Hollywood Director Spike Lee and actress Jada Pinkett Smith, said they would boycott next month’s Oscar Academy Awards ceremony because black actors were shut out of nominations.
The Oscar acting nominees announced recently that award lacked black performers for a second straight year; leading to the revival of the Twitter feed #OscarsSoWhite that emerged in 2015.
Lee, the director of “Do the Right Thing” and 2015’s “Chi-Raq”, said he had timed his announcement with the national holiday commemorating slain civil rights leader, Rev. Martin Luther King Jr.
“How is it possible for the second consecutive year all 20 contenders under the Actor Category are white? And let’s not even get into the other branches,” Lee wrote under the #OscarsSoWhite hash tag.
“40 white actors in two years and no `flava’ at all. We can’t act?!” said Lee, who was awarded an honorary Oscar in November.
Lee said that his decision to stay away from the ceremony was meant as no disrespect to Oscar emcee Chris Rock and producer Reginald Hudlin, both of whom are black, or to Academy of Motion Picture Arts and Sciences (AMPAS) officials.
Pinkett Smith, who appeared in two “Matrix” movies, also said she would skip the Feb. 28 ceremony.
“Maybe it’s time we pull back our resources and we put them back into our communities, and we make programmes for ourselves that acknowledge us in ways that we see fit that are just as good as the so-called mainstream,” she said in a video on Facebook.
Her husband, Will Smith who stars in the football injury drama “Concussion,” and Idris Elba, who portrayed an African warlord in “Beasts of No Nation,” were among black actors snubbed this year.
The black cast and director of hip hop biopic “Straight Outta Compton” were also left out.
The boycott statements came after comedy “Ride Along 2,” starring black actors Ice Cube and Kevin Hart, pushed “Star Wars: The Force Awakens” from its position atop the weekend box office.
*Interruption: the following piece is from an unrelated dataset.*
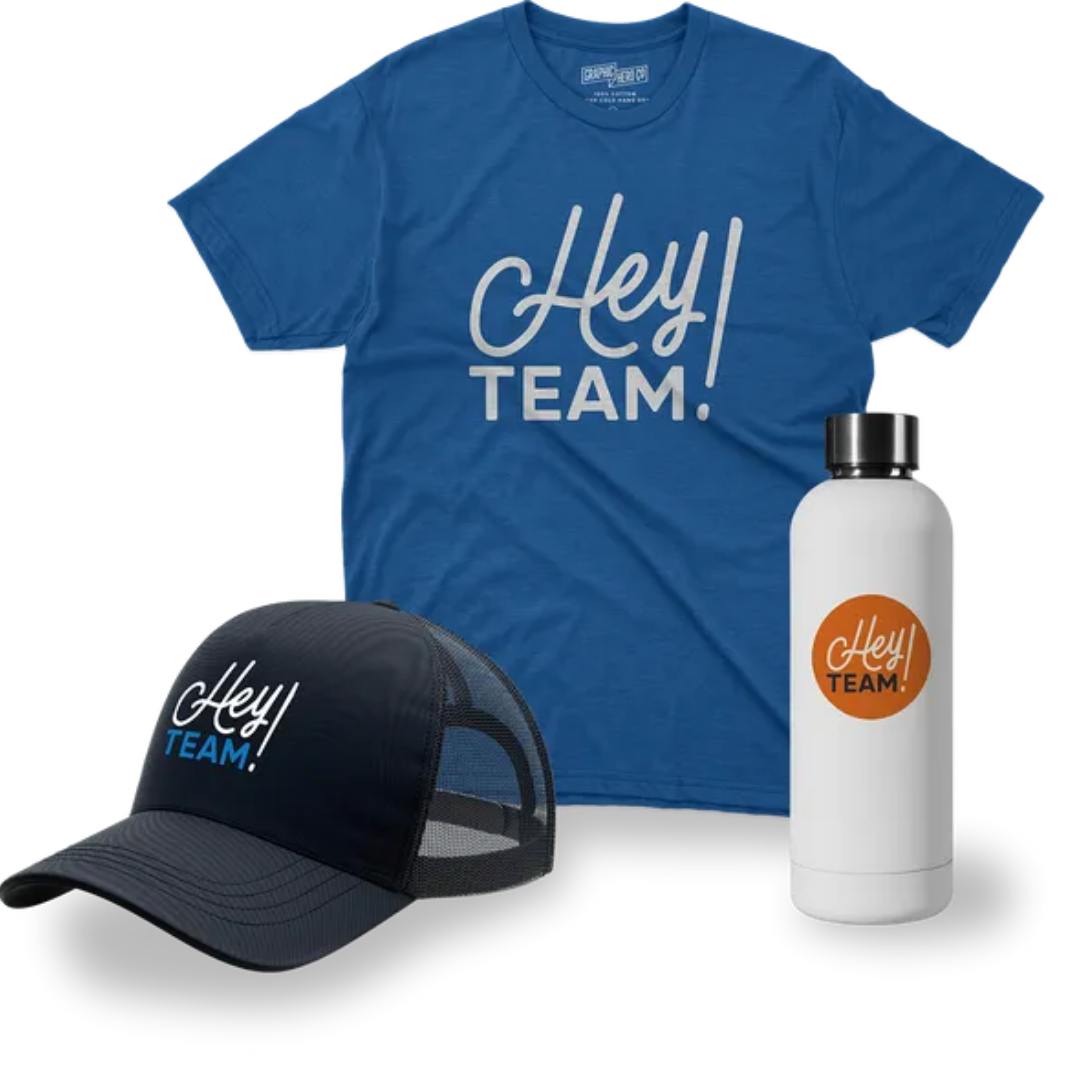 Welcome Kit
However, the Academy president Cheryl Boone Isaacs acknowledged that the Academy needed to do more to promote diversity.
She said that while the Academy, which awards the Oscars, had made changes in recent years to drive diversity, “the change is not coming as fast as we would like. We need to do more.”
Isaacs, who is African American, called for “big changes”, saying she was “heartbroken and frustrated about the lack of inclusion” in this year’s crop of nominees.
“In the coming days and weeks we will conduct a review of our membership recruitment in order to bring about much-needed diversity,” Isaacs said.